Regensburg – Gehörerkrankungen entwickeln sich in Deutschland zur Volkskrankheit. 14 Millionen Deutsche leiden bereits an Hörproblemen: Tinnitus (Ohrgeräusche), Schwerhörigkeit, Geräuschüberempfindlichkeit, Hörverzerrung, Druck im Ohr, Hörsturz und Schwindel / Morbus Menière. Ursache für die zunehmenden Erkrankungszahlen ist die wachsende „akustische Umweltverschmutzung“, also ein in Summe ständig zunehmender Lärmpegel, sagen Fachleute. „Immer mehr Hörgeräte zu verschreiben, ist der falsche Weg, das Problem zu lösen“, sagt der Regensburger Innenohr-Experte und Initiator der Arbeitsgemeinschaft „Das Gesunde Ohr“, Dr. Lutz Wilden vor Journalisten in Regensburg.
Die Versorgung mit Hörgeräten ist ein Millionengeschäft. Wirklich helfen würde aber überforderten Hörorganen und auch den Krankenkassen bei der Ausgabensenkung etwas anderes: die Reduzierung des Alltagslärms, zum Beispiel durch die Nutzung einfacher Ohrstöpsel und die breite Anwendung der hochdosierten Lasertherapie.
Hörgeräte: Zusätzlicher Stress für das Innenohr
Bereits 40 Prozent der jungen Männer, die zuletzt bei der Bundeswehr gemustert wurden, hatten deutliche Hörschäden. Im Jahr 2006 trugen bereits 50 von 1.000 Kindern und Jugendlichen bis 18 Jahre nach Untersuchung einer großen Ersatzkasse ein Hörgerät. 2010 waren es schon 63 von 1.000. „In Deutschland muss mehr getan werden, um die Lärmbelastung zu reduzieren, damit nicht immer mehr Menschen von Schwerhörigkeit und Tinnitus betroffen werden“, sagt Dr. Wilden. Die zunehmende Verbreitung und immer schnellere Verschreibung von Hörgeräten sei der falsche Weg zur Lösung des Problems. „Wir können keinen Schmerz mit mehr Schmerz austreiben. Wir können keinen Diabetes heilen, indem wir den Patienten mehr Zuckerkonsum verordnen. Ebenso wenig können wir ein durch Lautstärke überfordertes Hörorgan mit noch mehr Lärmüberflutung etwa durch Schall verstärkende Hörgeräte heilen“, so der Mediziner.

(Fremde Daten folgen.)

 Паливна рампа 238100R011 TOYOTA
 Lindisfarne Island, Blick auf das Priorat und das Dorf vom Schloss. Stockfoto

Schlüssel für das menschliche Hörvermögen ist das Innenohr mit seinen 25.000 Hörzellen in der Hörschnecke. Wie alle Nervenzellen begleiten diese Zellen den Menschen durch das ganze Leben und besitzen deshalb eine hohe Regenerationsfähigkeit, wenn ihnen im Alltag ausreichend Zeit und Möglichkeit zur „Erholung“ gegeben wird. Deshalb, so die Arbeitsgemeinschaft „Das Gesunde Ohr“, sei Ruhe vor dem permanenten Umgebungslärm der wirkungsvollste Schlüssel, diese Hörzellen fit zu halten.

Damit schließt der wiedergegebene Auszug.